Cam günümüz modern çevresinin önemli bir parçasıdır. Basit bir su bardağından sofistike bir teknik donanım malzemesine kadar kullanım alanı geniştir. Kullanımı günlük hayatımızın o kadar büyük bir alanını kaplamaktadır ki etrafımızdaki doğal çevreden daha fazla onun farkına varırız. Ancak aslında doğal olmaktan çok öte, hatta tam tersine yapay bir malzemedir.

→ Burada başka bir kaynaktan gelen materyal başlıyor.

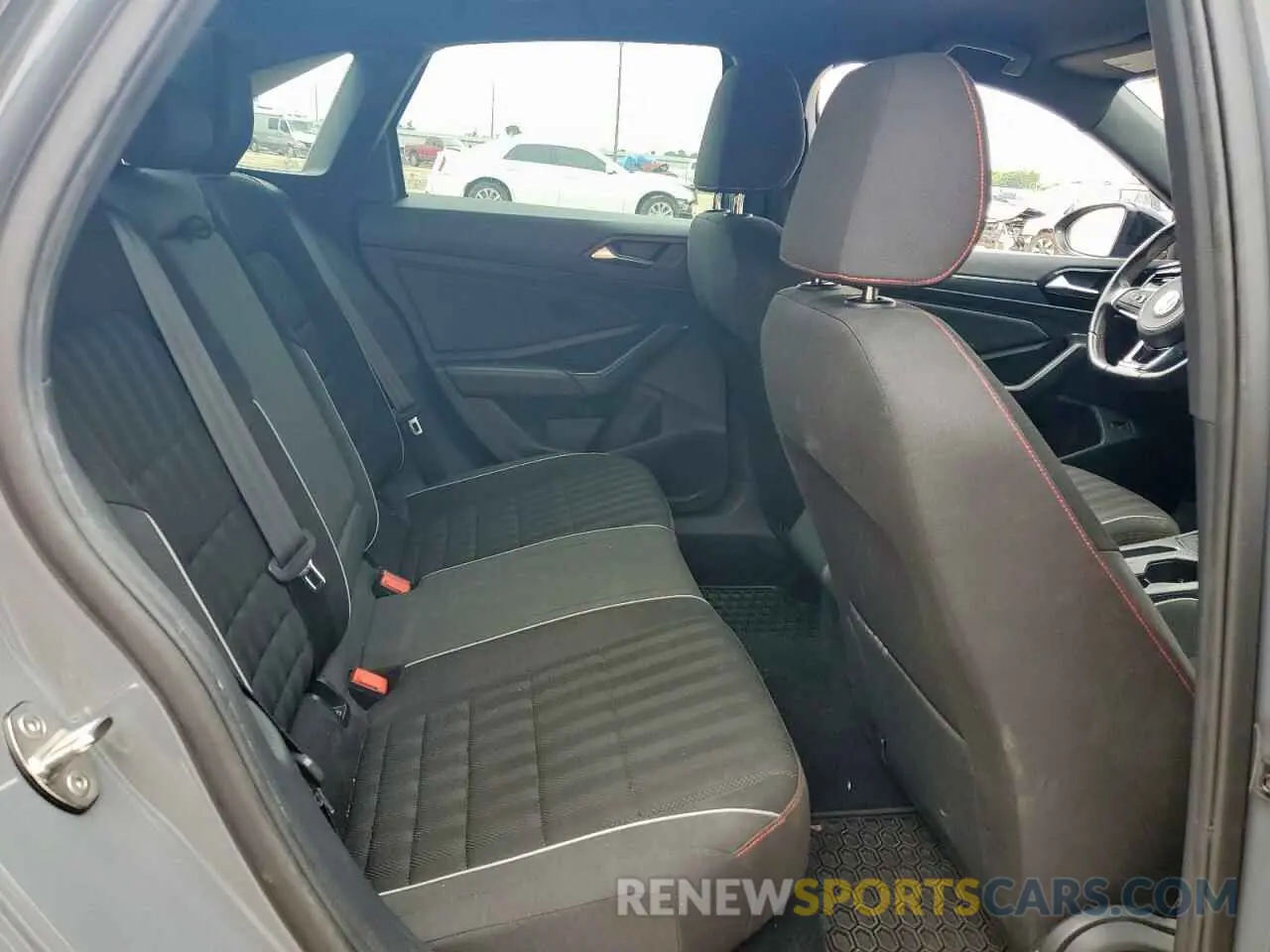 10 fotografías del automóvil dañado 3VW5T7BU7KM168222 VOLKSWAGEN JETTA 2019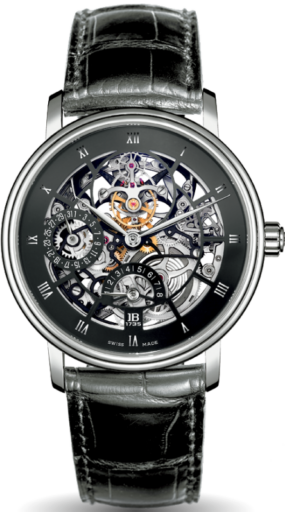 Blancpain Villeret Tourbillon Skeleton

Dokunulduğunda sert ve katı bir malzemedir. Gevreksi bir yapısı vardır, sert bir yüzeyle aniden karşılaştığında kırılmaya meyillidir. Buna rağmen kimya terminolojisinde sıvı olarak tanımlanmaktadır. Yani sıvıları taşımak için tasarlanmış vazoların çoğu aslında sıvının kendi formudur. Sertleşmek için soğutulduğunda bu temel nitelikleri taşımaktadır ancak, ısıtıldığında nitelikleri tamamen değişir. Süneklik derecesine kadar yumuşamaya başlar ve eğer yeterli derecede ısıtılırsa su gibi akıcı olur.
Erken Dönem
Yaygın olarak camın tesadüf eseri keşfedildiğine inanılmaktadır. Keşfine dair en sık bahsi geçen açıklama Yunan tarihçi Piny’nin açıklamasıdır. Piny’e göre birtakım tüccarlar teknelerinden kıyıya çıktıktan sonra bir nehir kıyısında kamp kurmuşlar, nehir yatağında bir ateş yakmışlar. Sonraki gün ise önceki günün ateşinin külleri arasında şeffaf, parlak parçaları bulmuşlar. Erken dönemlerinde, daha çok Mısır ve Mezopotamya’da gelişmiştir. Bu bölgede odunla yanan cam ocaklarının var olduğu düşünülmektedir.